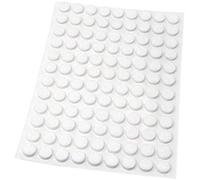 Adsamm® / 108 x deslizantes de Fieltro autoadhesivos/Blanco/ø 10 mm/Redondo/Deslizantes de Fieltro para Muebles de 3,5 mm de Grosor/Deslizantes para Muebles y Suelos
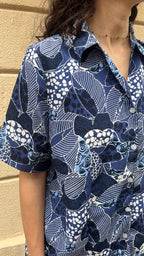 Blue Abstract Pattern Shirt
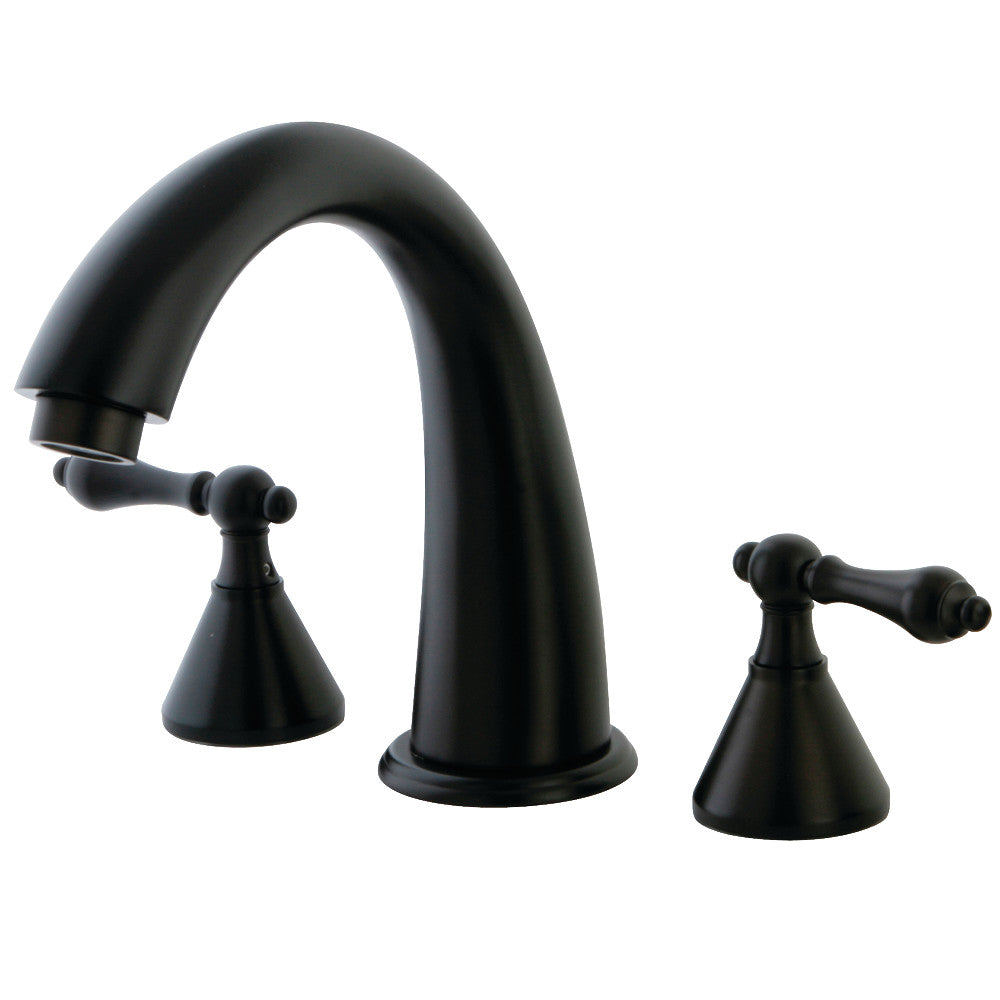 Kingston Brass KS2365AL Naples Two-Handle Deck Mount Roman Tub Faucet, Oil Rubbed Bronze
■ ■ ■ ■ ■ ■ ■
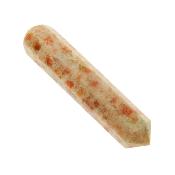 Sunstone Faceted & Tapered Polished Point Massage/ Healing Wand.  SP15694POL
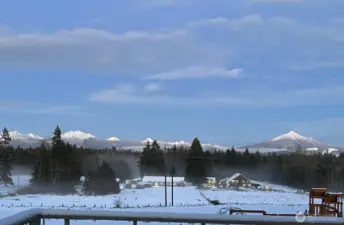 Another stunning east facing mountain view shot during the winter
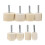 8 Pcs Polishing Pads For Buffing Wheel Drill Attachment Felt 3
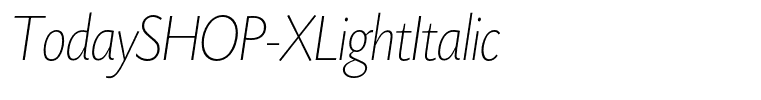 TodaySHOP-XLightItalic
■ ■ ■ ■ ■ ■ ■
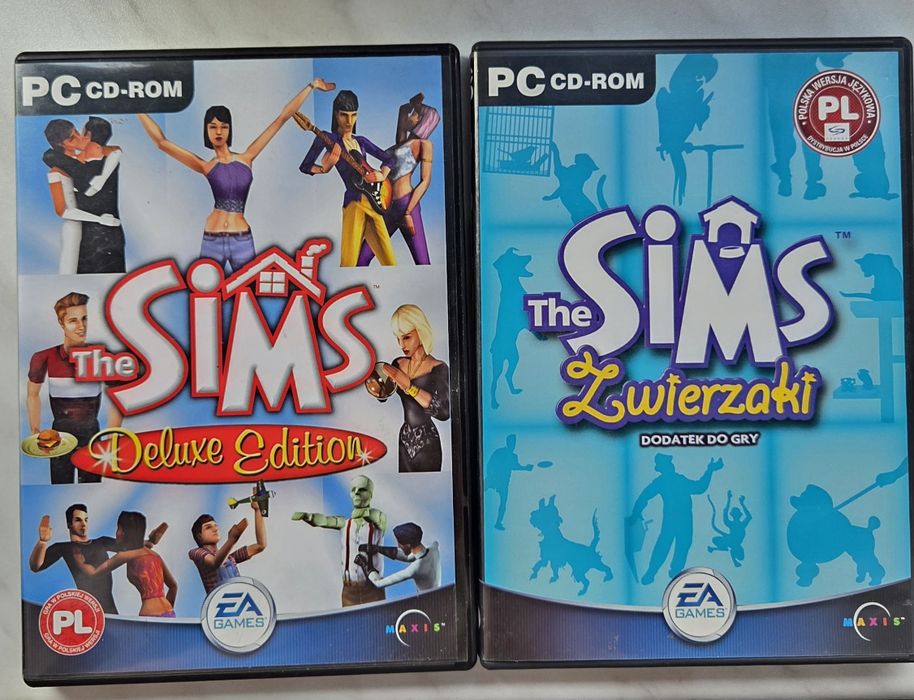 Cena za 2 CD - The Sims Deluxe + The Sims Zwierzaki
■ ■ ■ ■ ■ ■ ■
→ WHAT IS EXPECTED: Among the entries above, copy exactly the stretch from the line holding "Adsamm® / 108" through the line holding "Kingston Brass KS2365AL", leaving out any pictures.

→ EXERCISE RESULT:
 Adsamm® / 108 x deslizantes de Fieltro autoadhesivos/Blanco/ø 10 mm/Redondo/Deslizantes de Fieltro para Muebles de 3,5 mm de Grosor/Deslizantes para Muebles y Suelos
 Blue Abstract Pattern Shirt
 Kingston Brass KS2365AL Naples Two-Handle Deck Mount Roman Tub Faucet, Oil Rubbed Bronze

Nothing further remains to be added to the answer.